Power, advertising, and the Internet are all inescapably related. Traditional advertising is not merely a matter of paying to disseminate a message. Often overlooked is the issue of what messages advertising serves to exclude from media. Advertising is a multi-billion dollar industry that underwrites all major forms of mass communication. This endows advertising with substantial power. Without question, the financial dependency created by the relationship between advertising and mass media functions as a control over the overall content of the media it has supported.

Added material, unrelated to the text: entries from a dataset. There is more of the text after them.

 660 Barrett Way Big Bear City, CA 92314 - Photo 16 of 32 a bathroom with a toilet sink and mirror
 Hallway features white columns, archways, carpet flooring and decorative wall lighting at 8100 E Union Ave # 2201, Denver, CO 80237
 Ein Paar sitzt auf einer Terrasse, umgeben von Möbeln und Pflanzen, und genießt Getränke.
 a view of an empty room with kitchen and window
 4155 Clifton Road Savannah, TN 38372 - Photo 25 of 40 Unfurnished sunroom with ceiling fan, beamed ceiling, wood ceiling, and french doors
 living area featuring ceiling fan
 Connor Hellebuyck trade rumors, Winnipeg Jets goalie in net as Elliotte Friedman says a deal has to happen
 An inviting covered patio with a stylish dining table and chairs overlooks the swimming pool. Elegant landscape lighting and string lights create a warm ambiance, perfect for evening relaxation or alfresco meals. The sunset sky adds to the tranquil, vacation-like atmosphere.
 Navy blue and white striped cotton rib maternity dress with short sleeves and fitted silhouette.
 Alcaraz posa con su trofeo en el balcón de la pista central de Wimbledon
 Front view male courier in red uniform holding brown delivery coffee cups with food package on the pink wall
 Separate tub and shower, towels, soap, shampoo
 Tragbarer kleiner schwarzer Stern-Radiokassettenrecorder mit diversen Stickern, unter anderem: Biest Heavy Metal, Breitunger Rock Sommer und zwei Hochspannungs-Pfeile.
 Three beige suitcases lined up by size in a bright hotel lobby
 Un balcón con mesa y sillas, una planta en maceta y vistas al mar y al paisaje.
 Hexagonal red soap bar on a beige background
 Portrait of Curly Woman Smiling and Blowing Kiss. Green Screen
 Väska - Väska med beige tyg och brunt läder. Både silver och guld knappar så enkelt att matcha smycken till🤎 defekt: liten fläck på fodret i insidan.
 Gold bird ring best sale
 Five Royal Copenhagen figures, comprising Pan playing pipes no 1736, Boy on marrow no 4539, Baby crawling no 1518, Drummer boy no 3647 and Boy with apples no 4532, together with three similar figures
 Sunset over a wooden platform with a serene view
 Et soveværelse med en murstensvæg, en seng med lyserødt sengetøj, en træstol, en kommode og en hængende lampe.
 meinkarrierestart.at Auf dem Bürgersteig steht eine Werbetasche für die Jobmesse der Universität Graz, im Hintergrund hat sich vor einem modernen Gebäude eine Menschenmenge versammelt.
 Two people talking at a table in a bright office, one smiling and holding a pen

The ad industry continues to deny that it influences content, and most editors and publishers naturally deny editorial interference from sponsors. Listening to the industry constantly deny this incestuous relationship is reminiscent of listening to tobacco industry executives repeatedly trying to convince a congressional hearing that cigarettes are not harmful. Yet the past thirty years of communication studies have produced a small mountain of evidence which demonstrate that the mass media is constantly subject to the influence and bias of its primary commercial sponsors. These myths have been necessary to gain trust and to maintain the appearance of legitimacy.
The advertising industry is on the verge of being shattered into a thousand fragments due to the knowledge explosion and the proliferation of new technologies. Grand theories no longer hold sway over the entire industry. Central theories, techniques, or laws can no longer be relied upon for commercial success. All the familiar categories of Madison Avenue have been destroyed by the postmodern marketplace.
Regardless of the anarchistic environment of cyberspace, the news is not all bad for traditional businesses. As a tool, the Internet does present unparalleled opportunities for effective advertising. The Net delivers an audience for vertical marketing of highly customized products to micro communities in a cost efficient manner not previously available to the manufacturer, retailer, or service provider. One of the effects of the integration of the Internet into the business community will be the rapid growth of low-volume products efficiently marketed to small global consumer groups.
Take the narrow-casting feature of the magazine industry - which is characterized by its ability to deliver an affinity group - and fragment it to the point of infinity; one now has a metaphor for the future of the Internet: the cost effective delivery of niche markets to the business community.
The Internet is the single most significant new tool for business, particularly for small to medium-sized enterprises. What makes the Internet such a powerful tool for the world of the small business and the entrepreneur is that it provides both with the ability to communicate with a global audience that already numbers in the tens of millions.
Prior to the integration of the Internet into the cosmology of the collective consciousness, most small businesses only had access to local markets. Advertising costs of previous mass media functioned to clearly delimit possible growth of most local businesses.
The Internet's historically unique ability to facilitate inexpensive global communication is destined to have a widespread impact on the shape of national and international economies. Take the elitist nature of the past thirty years of multinational corporate economics and extend its power to every small business and you have the democratization of the global marketplace through cyberspace. This is the meaning of the Internet as an economic paradigm shift. No company has yet mastered the Internet as an advertising and marketing tool. Expect this to change as today's paradigm begins to shift into the digital, wired Information Age.